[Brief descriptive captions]
=== Section Start ===

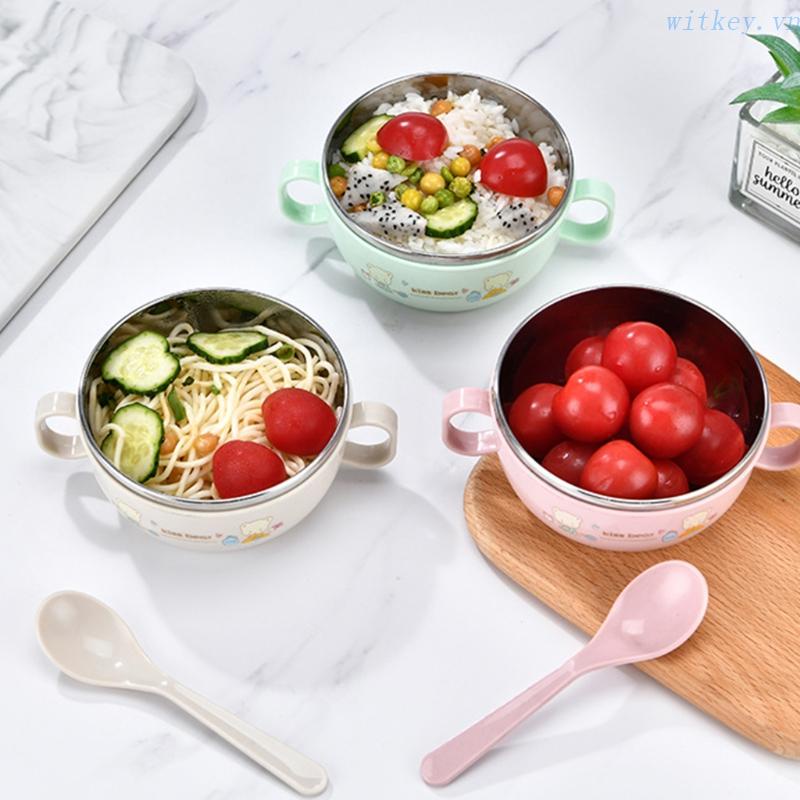 Bộ Bát Ăn 300ml Bằng Thép Không Gỉ Có Nắp Đậy Dành Cho Trẻ Em
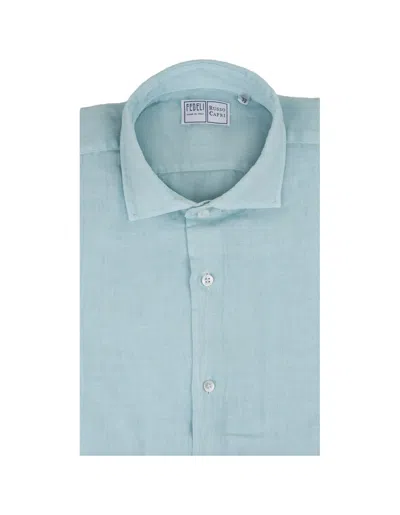Fedeli Nick Shirt In Aqua Green Linen In Blue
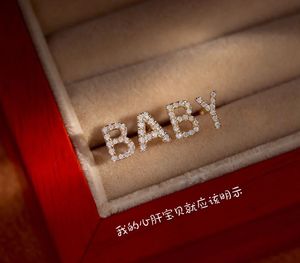 Pendientes de Oro Original de 18K con Diamantes Naturales de Xinfly, Combinación Libre, 26 Letras - Product Image 3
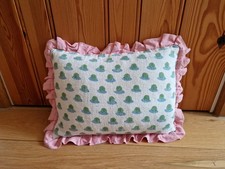 Molly Mahon Frill Cushion Berry Print in Grass / Sky Linen Pink Ruffle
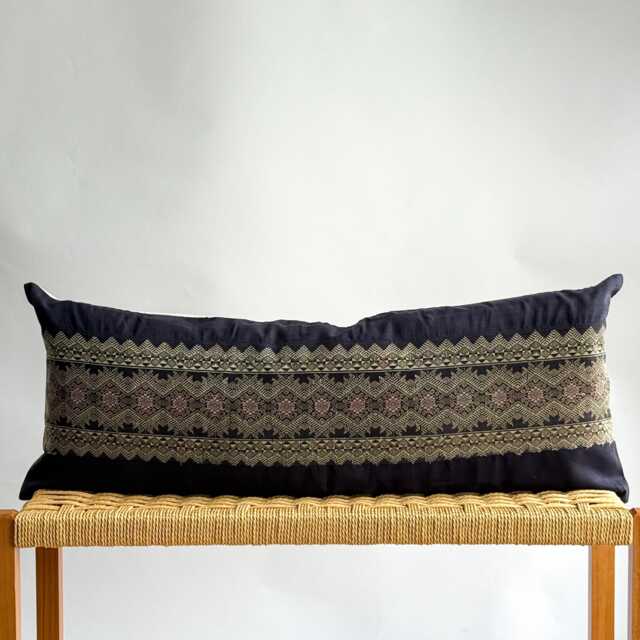 Vintage Hmong Hemp Pillow Handwoven Indigo Batik Tribal Textile - image 1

=== Section End ===

In the records, the line containing "Fedeli Nick Shirt In Aqua Green Linen In Blue" starts the span and the final line ends it. Output exactly that span, both ends included, with no pictures and nothing else.

▶ Answer section
Fedeli Nick Shirt In Aqua Green Linen In Blue
 Pendientes de Oro Original de 18K con Diamantes Naturales de Xinfly, Combinación Libre, 26 Letras - Product Image 3
 Molly Mahon Frill Cushion Berry Print in Grass / Sky Linen Pink Ruffle
 Vintage Hmong Hemp Pillow Handwoven Indigo Batik Tribal Textile - image 1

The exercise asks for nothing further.